Some things get better when you work hard at them, and some things get better if you just give them some time. I've spent the last few years doing way too much of the former and not enough of the latter. Just look at Devon's right hand holding the pen this morning! For months I've been stressing about when he would designate right or left and worrying about lost time. It was hard on my pride to be a former teacher and the parent of the only kid in his preschool class who couldn't write his full name legibly. Now surprise! He seems to have decided on right and shows an interest in tracing letters.
So this may be our only leftie in the family....
Just one more picture to illustrate the value of letting things go and giving them time instead of working harder. For years I struggled so much at mealtimes to keep everyone fed and coax them to eat right. My kids resisted healthy eating habits and embraced pickiness like it was their job. I died a thousand deaths when I counted the days since I'd successfully gotten somebody to eat a vegetable or finish their milk.

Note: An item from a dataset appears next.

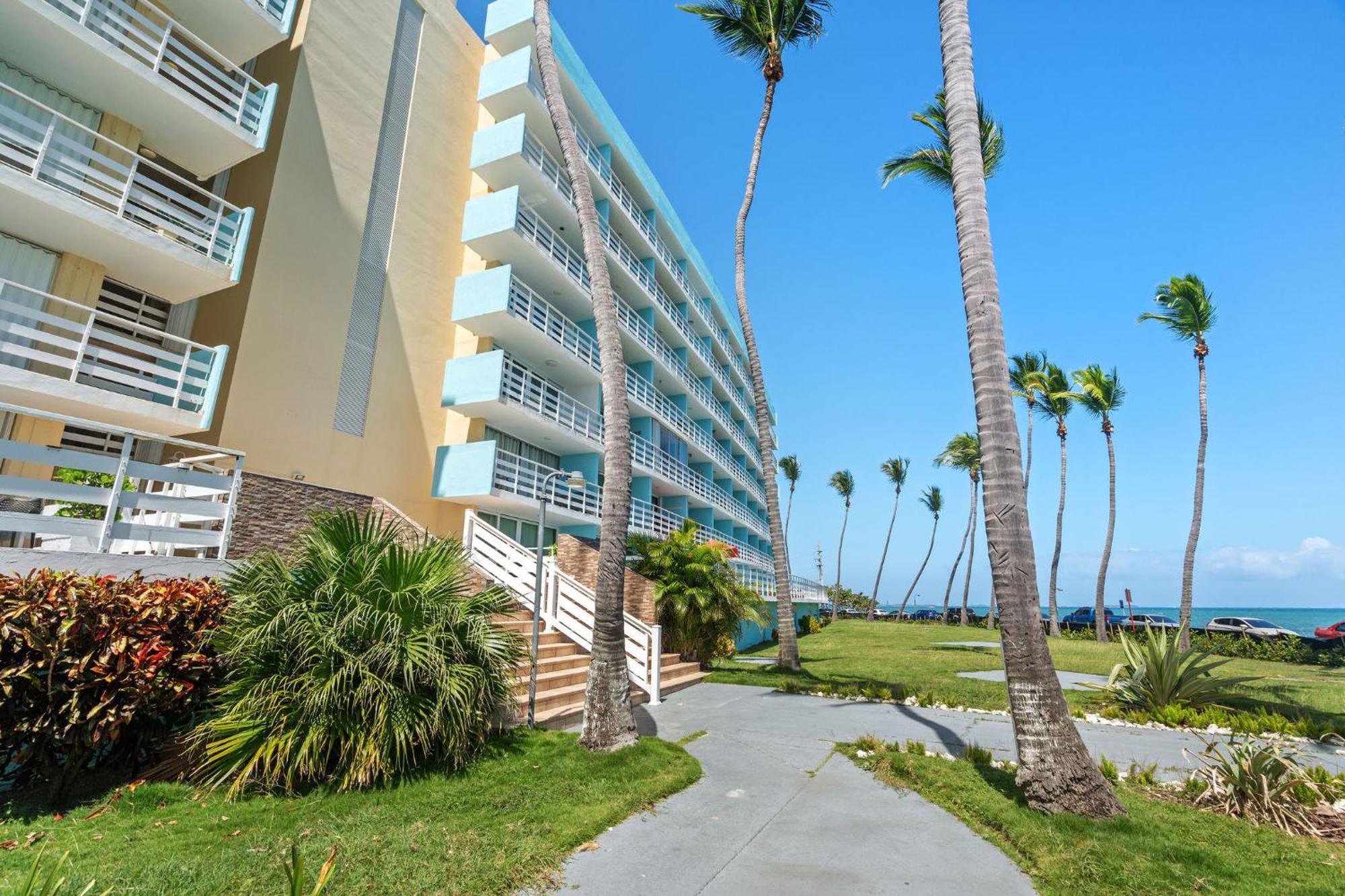 Your Ocean Zen Oasis Apartment ฟาจาร์โด ภายนอก รูปภาพ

I went through the 12 stages of dinnertime grief: Denial, Anger, Bargaining, Begging, Pleading, Threatening Removal of Privileges, Wheedling, Whining, Praying, Bitterness, Resignation, and maybe finally a little Acceptance.
Then I'd go on facebook and see a picture of somebody else's kid smiling and eating kale chips with a smug little caption: "Our little Green Mean Clean Eater! Kids really do learn good eating habits when you feed them healthy food at home!" I'd hit my forehead with my phone and dedicate myself anew to trying just a bit harder.
None of that did any good. I wish I'd let go a lot sooner, and used mealtime to feed myself and model healthy eating habits as well as encourage my kids to eat healthy food. If I had it to do over again, I'd make a big, healthy salad, eat it all myself, and understand that kids have control over what they put in their bodies. I'd try to offer them foods in the healthy range and then trust that their eating habits would become healthy over a period of years, not weeks.
And now I have my own picture to post! Lest you think I've gone over to the dark side, here is my entirely NOT SMUG CAPTION:
THERE IS HOPE! Hang in there, mealtime warriors whose kids have refused to eat anything for a week but mashed potatoes and apple slices! Try to relax, moms whose kids gag at the texture of avocado and quinoa! One magical day you'll steam a head of broccoli and your kids will eat it ALL! They'll eat asparagus tips like they've discovered a new hobby! They'll eat the baby carrots instead of using them as an implement to scoop up hummus dip and suck it off! I know you've had days when you think that the only green things they'll eat in their lifetimes will be popsicles and they'll get rickets and die young! Sometimes healthy eating seems like a hopeless dream. I've had those days too! I'm probably going to have more of them again. But not today! Today we set a record of NINE broccoli trees eaten by one child at one meal!